The Laboratorium

A new essay of mine, First-Class Objects, has just been published in the Journal on Telecommunications and High Technology Law. It’s an extension of presentations I gave last fall at the Yale ISP Privacy and Innovation Symposium and the Colorado Silicon Flatirons Privacy and the Press conference. My core argument is that something significant changes for privacy purposes when computer systems become “about” people, and that this transition takes place when those systems represent people using unique identifiers. Starting with Twitter as an example, I explain the computer science between unique identifiers in databases, and then explain how using unique identifiers for people has technical, social, and humanistic consequences. I conclude with a brief musing on the relevance another suggestive phrase from computer science, “first-class object.”

June 23, 2011 at 12:07 AM

Eric Hellman

James,

One small correction. Twitter counts characters, not bytes. You get 140 characters, not 140 bytes; this has to do with the gory details of SMS. If you tweet in 2 byte languages such as Chinese or Japanese, you get 280 bytes!1

June 23, 2011 at 12:24 AM

john walker

James The essay feels like it finishes with a ‘to be continued’. Can we expect another installment? New Scientist feedback has a lot of fun with nested, nested acronyms. To what degree are unique identifiers unique? And to what degree are they nested uniques? Thank you, it is a nice bit of writing.

June 23, 2011 at 9:38 AM

Eric Hellman

I re-read the article, and see that everything written there is correct. The sentence that prompted me to comment was “In the standard UTF-8 encoding used by Twitter, they would take up 14 and 9 bytes, that is, 112 and 72 individual ones and zeros.”

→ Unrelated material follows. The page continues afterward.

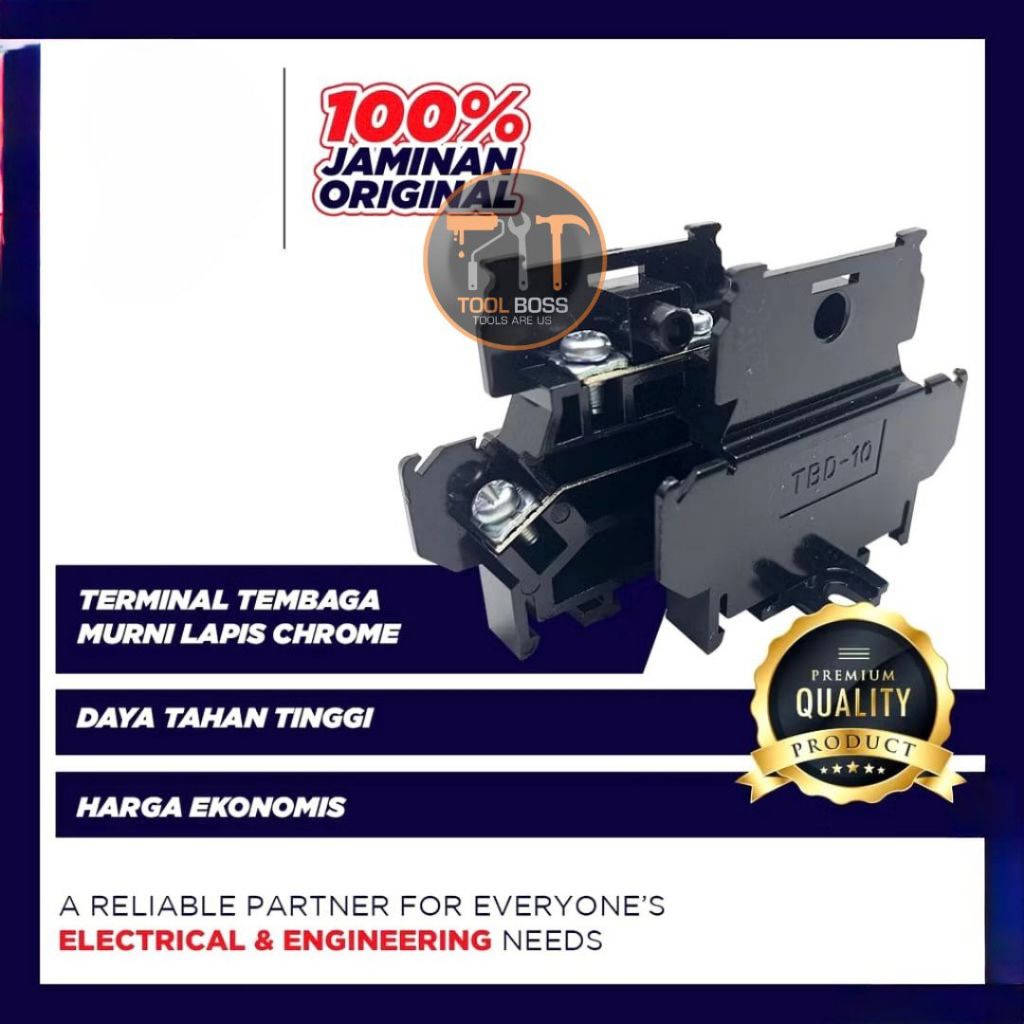 บล็อกเทอร์มินอลซ้อน TBD-10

While it’s true that Twitter uses UTF-8 encoding in its web-service APIs, the SMS system that it’s built around doesn’t. It’s a bit of a non-sequitur to jump from a sentence that talks about the number of bytes taken up by a name to the premium on space in Twitter, measured in characters. A Chinese character such as 中, for example, takes 3 bytes in UTF-8, 2 bytes in SMS, but just one character in a tweet.

All this is irrelevant to issues of identity (which is really quite magical), but I’m a Unicode wonk and I can’t help myself sometimes!